Only one stretch of the material below is wanted: everything from the line containing "Load image into" down to the line containing "Stainless Steel Vat", both ends included. Repeat it exactly and skip the pictures.

» Supplied information:
>>>>

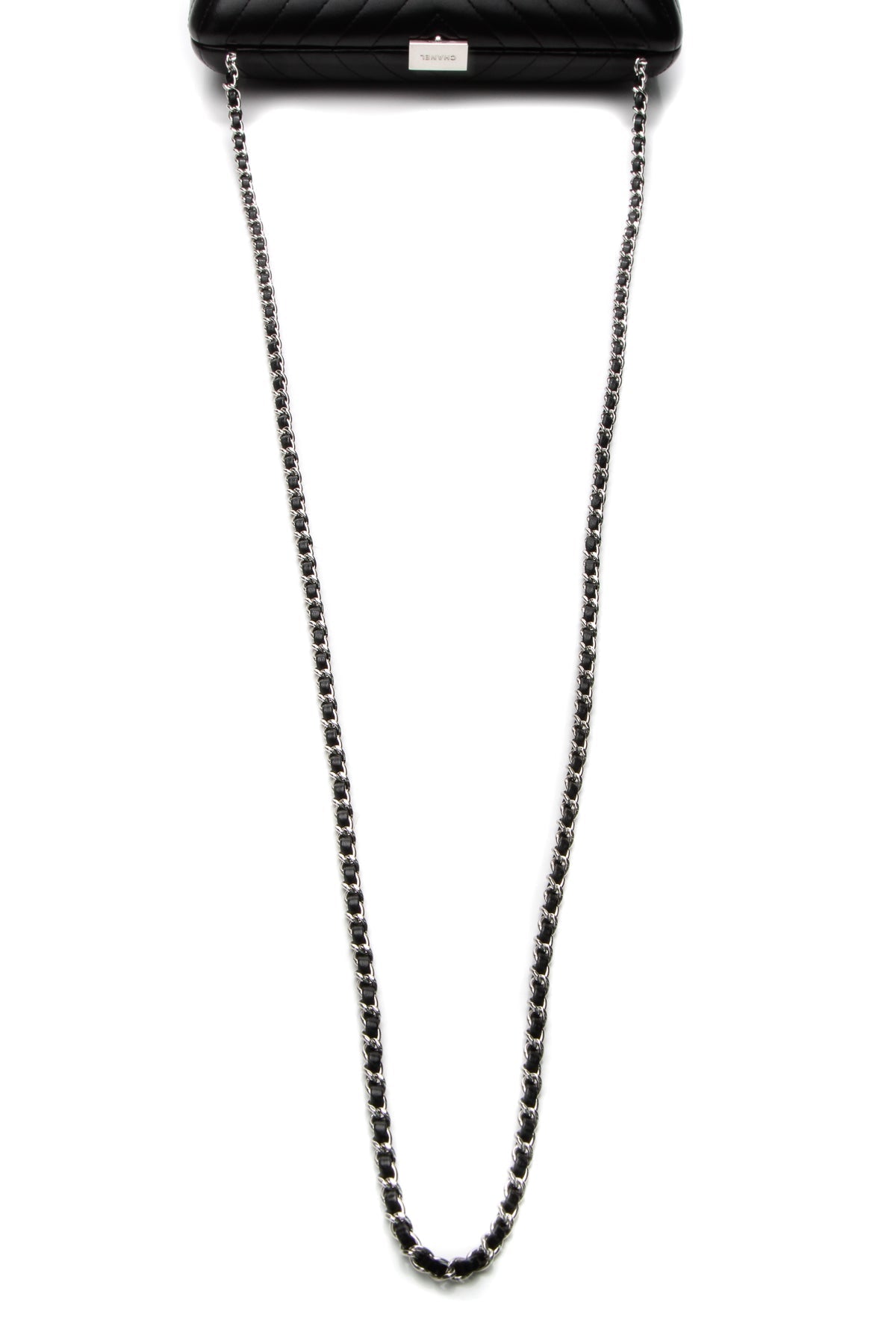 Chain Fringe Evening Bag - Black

<<<<
>>>>

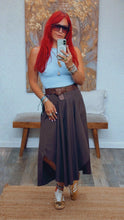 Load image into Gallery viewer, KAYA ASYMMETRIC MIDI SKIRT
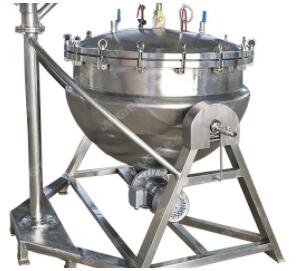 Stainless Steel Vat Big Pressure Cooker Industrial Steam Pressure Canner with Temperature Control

<<<<

» Result of the exercise:
 Load image into Gallery viewer, KAYA ASYMMETRIC MIDI SKIRT
 Stainless Steel Vat Big Pressure Cooker Industrial Steam Pressure Canner with Temperature Control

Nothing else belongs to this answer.